PROBLEM STATEMENT: In the data below, the answer is the run of lines from the line containing "10 Curse Words" through the line containing "Quiet Please Weightlifter", both included; print it exactly and nothing else.

INFORMATION SUPPLIED:
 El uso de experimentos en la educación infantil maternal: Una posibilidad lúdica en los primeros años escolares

* * *

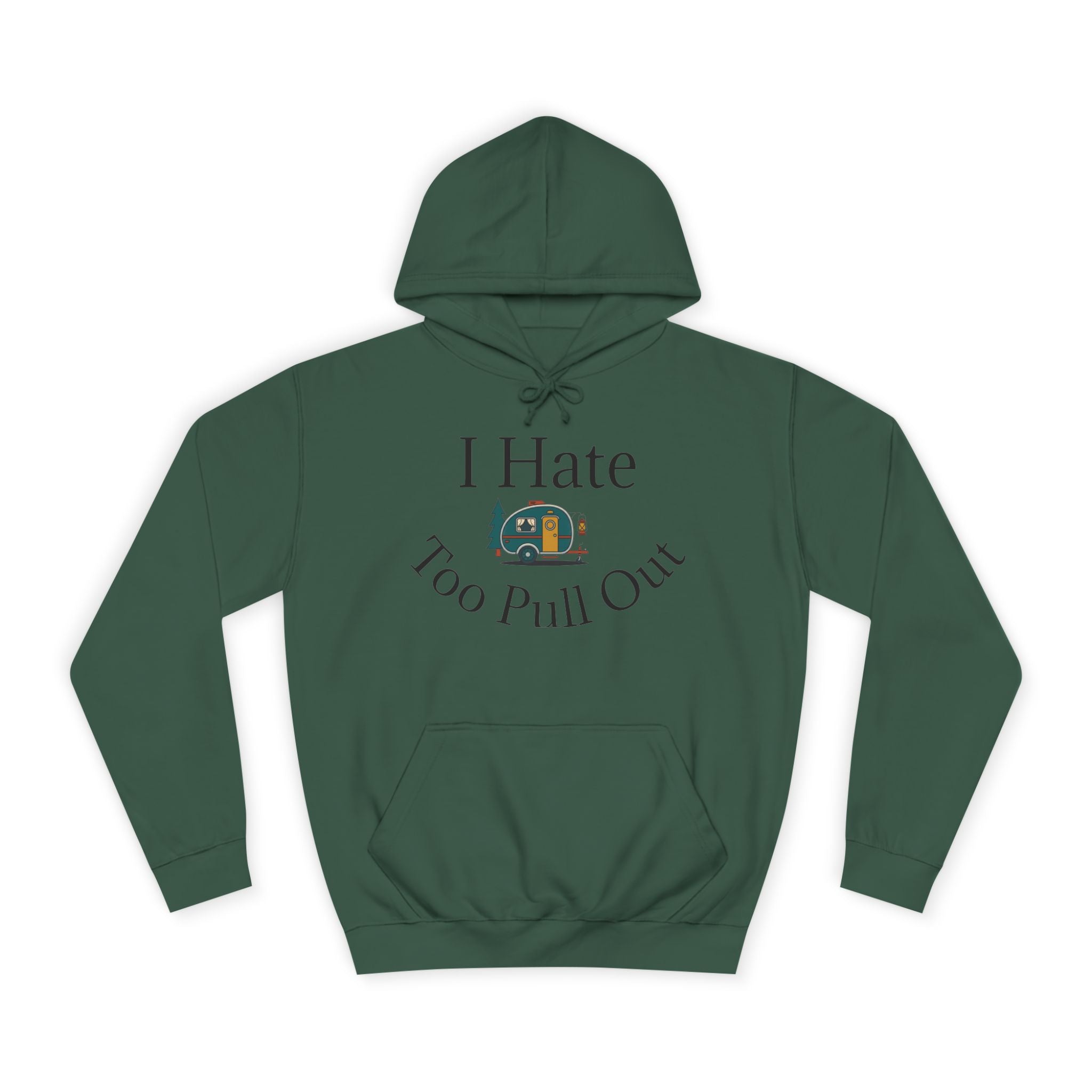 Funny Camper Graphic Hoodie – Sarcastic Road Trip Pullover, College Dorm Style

---

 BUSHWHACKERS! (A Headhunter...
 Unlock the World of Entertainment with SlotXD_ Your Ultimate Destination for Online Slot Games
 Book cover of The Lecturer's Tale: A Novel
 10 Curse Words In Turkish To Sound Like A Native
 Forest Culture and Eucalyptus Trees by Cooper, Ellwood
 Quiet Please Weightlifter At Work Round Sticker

ANSWER SECTION:
 10 Curse Words In Turkish To Sound Like A Native
 Forest Culture and Eucalyptus Trees by Cooper, Ellwood
 Quiet Please Weightlifter At Work Round Sticker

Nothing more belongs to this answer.